Nick Gibb was defiant when he appeared on BBC Breakfast this morning to defend the change, which was announced late last night and has been widely criticised.
Under the new system, drawn up less than two days before A-level results day, the DfE said that students “could receive the higher result out of their calculated grade, valid mock grade, or autumn exam grade”. The mock exam option will be available via the appeals process, ministers said.
But school leaders were damning in their response, with ASCL general secretary Geoff Barton saying the “idea of introducing at the eleventh hour a system in which mock exam results trump calculated grades beggars belief”.
Asked about the last-minute proposals, Gibb said: “We apologise to nobody for finding solutions – even at the eleventh hour – to stop any student being disadvantaged by this system.”
His comments come in sharp contrast to those of John Swinney, Scotland’s education minister, who yesterday apologised to pupils affected by the exam results crisis north of the border.
Gibb admitted in his BBC interview that ministers in England had been “worried” by what happened in Scotland, where ministers were this week forced to withdraw more than 124,000 standardised grades that had been downgraded, and give pupils their school-provided grades instead.
But he said the UK government was “not changing the fundamental system here as they are in Scotland”, and insisted there was “no confusion”.
“We have been very clear from the very beginning.
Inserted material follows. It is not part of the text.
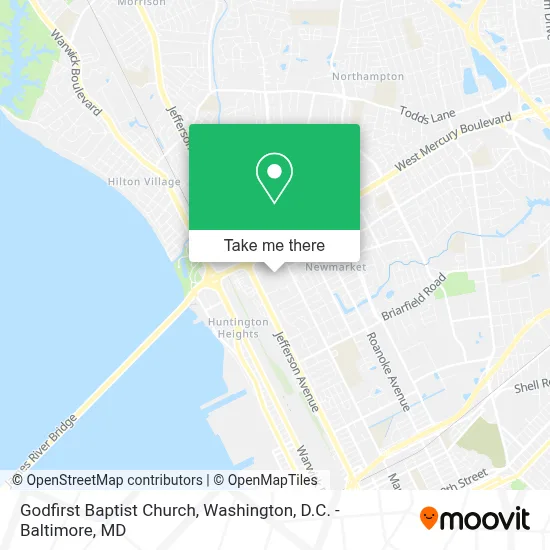 Godfirst Baptist Church map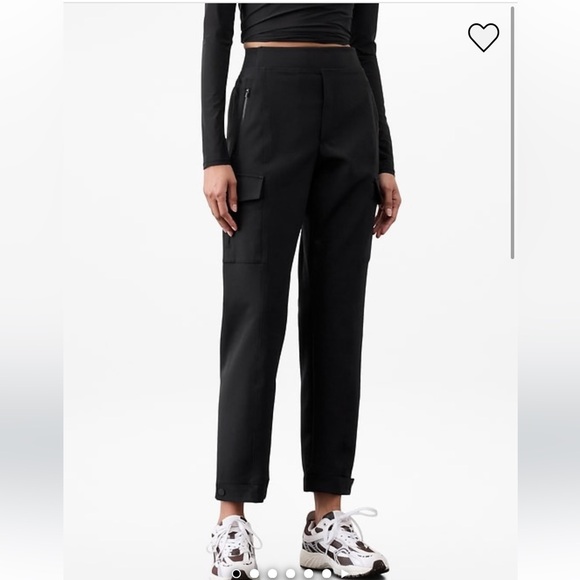 Athleta black Endless Cargo Pocket Athleisure Jogger Pants Sz 16 tall #467187 - Picture 12 of 13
We had to have a system in place to award qualifications to young people given that we had cancelled the exams,” he said.
“With the best model in the world there will be students who fall outside it. We didn’t want any students to suffer disadvantage.”
Appearing on Sky News later in the morning, Gibb said the change was about “making sure at the edges that no student is disadvantaged”.
The government had already announced an “enhanced” appeals process last week, Gibb said. Under said system, schools will be able to appeal if they feel data used to standardise grades was not a “reliable basis” for predicting 2020 results.
The minister said the further change was meant “to capture, to give a safety net to any student who might fall through the system”.
“It will only affect a small group of people,” he said. “Most young people tomorrow will get the grade that the teacher sent into the exam board that they thought they would get.
“Those grades that are being changed, they are only being changed by about one grade, so most young people will be able to go on to university.”